La memoria è una cosa strana. Quella di Genova è una storia che è stata raccontata molte volte, ma il nostro paese non ci ha mai fatto i conti fino in fondo; come se per certi versi fosse una storia da dimenticare, o forse una storia già dimenticata. Anche moltissime delle memorie individuali sono interrotte; come una ferita sepolta, una frattura che ci si scorda di avere, ma che quando cambia il tempo si sente. È quello che è successo agli autori ed ai testimoni del film. Vent’anni dopo hanno sentito l’esigenza di raccontare. Ed il film è tutto un lungo racconto, un diario momento per momento svolto vent’anni dopo da Evandro Fornasier.

Evandro parla quasi in macchina; in uno spazio neutro, con una fotografia evidente, raccontando la sua storia in modo disteso, intimo, e situato in quel presente distante, quasi fosse un monologo teatrale. E per certi versi lo è: si avverte la presenza, attorno alla telecamera, di persone che condividono con lui uno spazio e un tempo irripetibile. Comincia a parlare dicendo che è la prima e l’ultima volta che ha l’occasione di farlo con tutto il tempo necessario; non gli è mai successo, e non succederà più.
Con voce quieta e pungente racconta l’esigenza che muoveva lui ed il suo gruppo di amici, in un gesto che sembrava necessario, indiscutibile, pur non essendo loro militanti: l’idea di un mondo un cui fosse più piacevole e più giusto vivere. Un’idea da non tenere per sé, ma da condividere, in uno spazio pubblico sognante, forse ingenuo, di piazza, di presa di parola. Racconta anche cos’è avvenuto dopo. La repressione caotica. L’arresto. La detenzione a Bolzaneto, una discesa agli inferi. E poi la traduzione al carcere di Alessandria, dove l’incubo non è finito.

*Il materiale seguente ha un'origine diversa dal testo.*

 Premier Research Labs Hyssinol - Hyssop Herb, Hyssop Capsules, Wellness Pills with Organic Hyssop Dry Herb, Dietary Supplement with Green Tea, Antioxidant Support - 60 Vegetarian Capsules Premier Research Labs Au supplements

Al diario di parola di Evandro si affianca un diario per immagini: nel corso della lavorazione del film, Stefano Collizzolli riscopre le riprese video delle sue giornate di Genova. C’era una telecamera miniDV, con l’intento di testimoniare ma soprattutto con uno spirito di festa, di gita con gli amici, con i costumi da bagno in zaino per il giorno dopo le manifestazioni. Sono immagini che poi nessuno aveva mai più rivisto.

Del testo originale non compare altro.